Vanity plates are vehicle licence plates that can have a personalized message instead of the assigned government issued number and letter combination, and for which a person pays an additional fee.
When Lorne’s father passed away, Lorne kept the “GRABHER” plate for himself.
For 27 years all was well, until recently when someone made a single complaint to the Nova Scotia Registry of Vehicles (Registrar) saying the plate promoted violence against women.
As a result Lorne received a note from the Registrar saying his plate was being withdrawn as of January this year. The Registrar said the public couldn’t know it was the family name and so could can misinterpret it as a “socially unacceptable slogan”.
The Justice Centre for Constitutional Freedoms (JCCF) became involved trying to get the matter resolved out of court and asking the Registrar to re-instate the licence plate
As that was denied the JCCF on Mr Grabher’s behalf has now applied to the Supreme Court of Nova Scotia, not for monetary damages, but merely seeking the reinstatement of the plate.
In his court application, Lorne Grabher seeks a declaration that the decision to revoke his licence plate violates his Charter section 2(b) right to freedom of expression, as well as his section 15 equality rights, and was furthermore “arbitrary, unreasonable, based on irrelevant considerations, an abuse of authority, a denial of procedural fairness, and otherwise invalid.”

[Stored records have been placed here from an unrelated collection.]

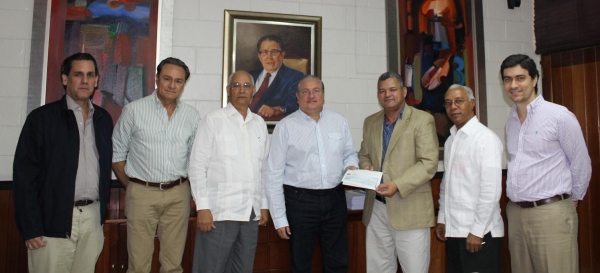 Aquiles Bermúdez, Alberto Yunén, Salvador Estévez, Miguel A. Lama, Máximo Jerez y Oscar Cañizares.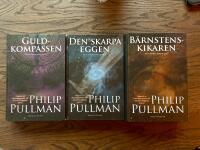 Den m&ouml;rka materian trilogin: Guldkompassen + Den skarpa eggen + B&auml;rnstenskikaren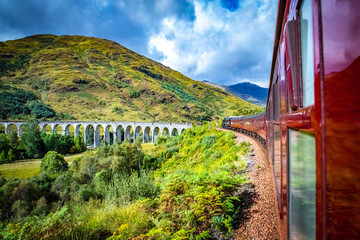 Keuken achterwand Glenfinnanviaduct Trein over het Glenfinnan viaduct  © Marcin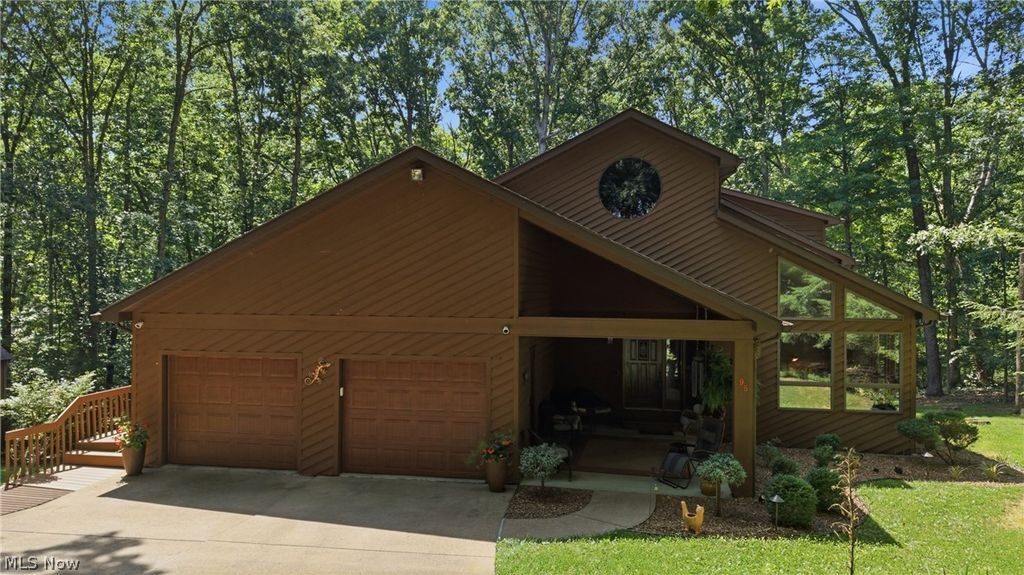 95 State Route 555, Little Hocking, OH 45742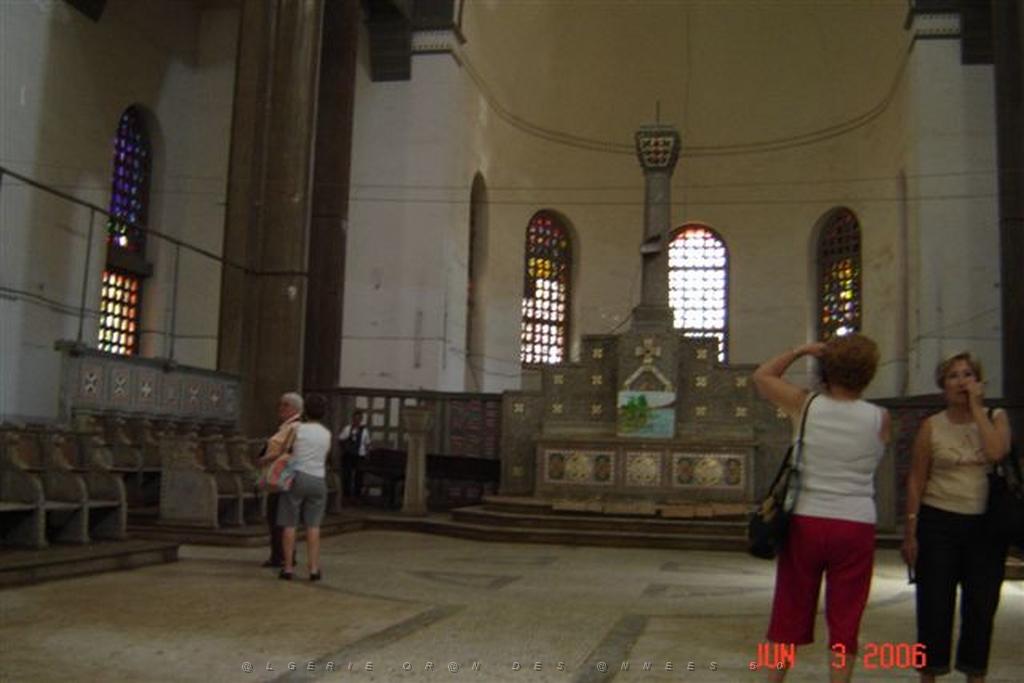 06 2006 ORAN LA CATHEDRALE L INTERIEUR 01.jpg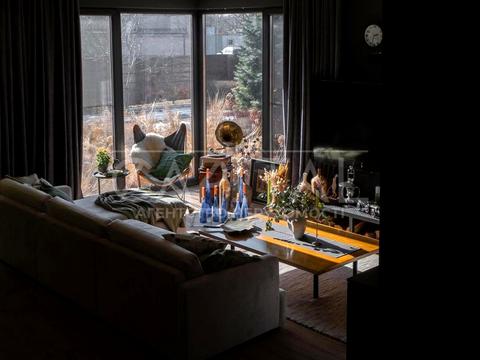 дом по адресу Цветочные Луга ул.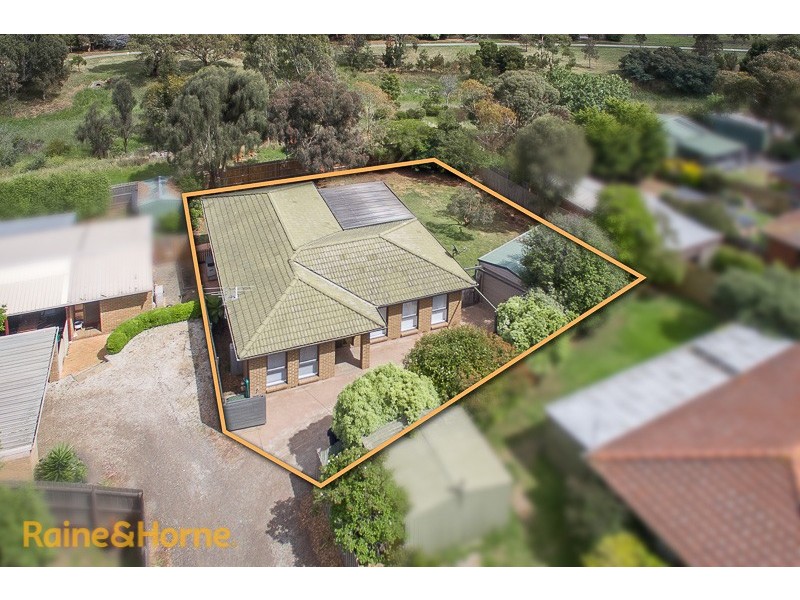 240 Elizabeth Drive, Sunbury VIC 3429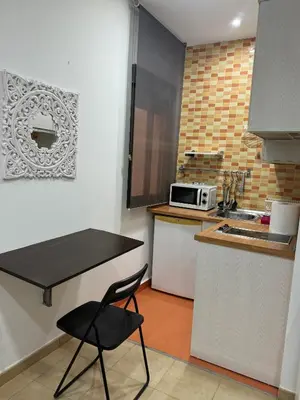 Una cocina o zona de cocina en Hermosilla D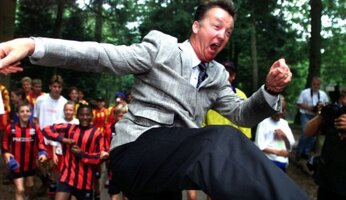 Van Gaal a les crocs... pour le recrutement!!!!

“Mr. Grabher and his family were, and remain, deeply offended and humiliated by the cancellation of the plate, and the Respondent’s ongoing insult to their heritage and family name,” (JCCF application to N.S. court)
The application states in part that the Nova Scotia Registrar’s action violates his Charter section 2(b) right to freedom of expression, as well as his section 15 equality rights, and was furthermore “arbitrary, unreasonable, based on irrelevant considerations, an abuse of authority, a denial of procedural fairness, and otherwise invalid.”
In addition to the court action, the JCCF is getting 10 x 23 cm bumper stickers (@ $5 ea) made in support of Mr Grabher which will be sold to help defray court costs.
It should be noted that Mr Grabher’s son , Troy, who lives in the western prairie province of Alberta also has a personalized licence plate “Grabher”, which so far has not had any complaints.